Тогда подходит Женевьева, конечно, она уже несколько минут следила издали, как я здесь жарюсь; она тоже очень загорела, от нее тоже веет свежестью, но взгляд светится участием. В руках у нее поднос, она ставит его в тень, на каменный бортик. Быстро взбалтывает какую-то чудовищную отраву и протягивает мне. Я выпиваю залпом, лед не успевает растаять и смягчить обжигающий спирт. «Скорей, еще стакан». Беттина либо снова ложится и закрывает глаза, либо неслышно погружается в воду. Ролан внимательно смотрит, как я пью. Иногда, если я поднимаюсь и смешиваю себе третий коктейль, он решается пошутить, что «папа у нас совсем спился». Женевьева позволяет посмеяться на этот счет. Больше того, она наверняка поощряет это остроумие: лучше шуточки вслух, а значит, невинные (мне не возбраняется съязвить в ответ, напротив), куда зловредней шепоток по углям. Впрочем, не все ли равно… Знали бы они! Какую тяжесть приходится поднимать каждый день, как все непроглядно-мутно и как медленно рассеивается этот туман; повседневная работа отдает затхлым, как непроветренная комната. Быть может, надо попытаться все это им сказать? Быть может, предложить им сделку — их секреты в обмен на мои? Их нетерпение в обмен на мою усталость? Скверная история! На разных конференциях, в конце лекций и докладов (кто меня приглашал с ними выступать?) я порой пытался говорить с молодежью, притворялся, будто хочу ее «тронуть», «взять за душу» и прочее. Гнусная комедия! Жадность к жизни, беспорядочность, дерзость, легковерие — еще долго можно бы перечислять все, что мне в этих мальчишках и девчонках горько и отвратительно. Собственные мои дети по крайней мере не швыряют весь этот вздор мне в лицо! Быть может, пресловутое молчание наших сыновей — наше счастье? Быть может, мы только потому и в состоянии жить дальше, что дети с нами не откровенничают? Так пусть молчат и впредь, пусть живут по-своему, меня это не касается. Понять их… не довольно ли, как говорится, их любить?
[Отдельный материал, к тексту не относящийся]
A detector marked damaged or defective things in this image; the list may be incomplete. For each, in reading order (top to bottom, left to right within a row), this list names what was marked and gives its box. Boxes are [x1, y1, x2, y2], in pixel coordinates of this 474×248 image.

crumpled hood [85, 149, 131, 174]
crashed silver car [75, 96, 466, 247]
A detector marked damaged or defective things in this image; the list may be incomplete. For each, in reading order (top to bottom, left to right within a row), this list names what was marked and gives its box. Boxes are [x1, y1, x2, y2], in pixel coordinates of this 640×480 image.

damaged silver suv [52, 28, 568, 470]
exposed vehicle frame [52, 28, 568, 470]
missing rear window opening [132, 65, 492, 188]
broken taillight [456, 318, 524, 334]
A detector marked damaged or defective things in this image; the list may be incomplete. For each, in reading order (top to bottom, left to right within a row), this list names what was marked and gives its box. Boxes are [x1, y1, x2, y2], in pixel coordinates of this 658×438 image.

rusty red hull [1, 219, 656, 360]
Сейчас Женевьева скажет: «Как нам тут хорошо!» Положит руку на плечо Беттины и скажет: «Ты не перегрелась, детка? Будь благоразумна». Обернется ко мне и скажет…
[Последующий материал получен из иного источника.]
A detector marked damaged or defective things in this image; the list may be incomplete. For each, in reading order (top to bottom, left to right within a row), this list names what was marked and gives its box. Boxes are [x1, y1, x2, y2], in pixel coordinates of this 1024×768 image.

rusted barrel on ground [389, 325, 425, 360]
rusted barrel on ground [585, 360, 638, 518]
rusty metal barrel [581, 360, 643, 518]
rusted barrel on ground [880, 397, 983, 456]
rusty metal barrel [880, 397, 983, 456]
Ну вот и полегчало. Мне уже ничуть не страшно, мне весело. Смеюсь, утираю пот со лба. Ролан смотрит на меня. И Женевьева тоже смотрит. И тихонько говорит:
— Какое у тебя довольное лицо…
Сейчас я ей отвечу каким-нибудь изречением о полотнах импрессионистов и о счастье. И покачаю головой. Отвечу одной фразой — разрушительной, насмешливой, бойкой, небрежной… Достаточно ли этого? Во всяком случае, отвечу словами, которые могут ввести в заблуждение. Не знаю, понятно ли вам, что я хочу сказать.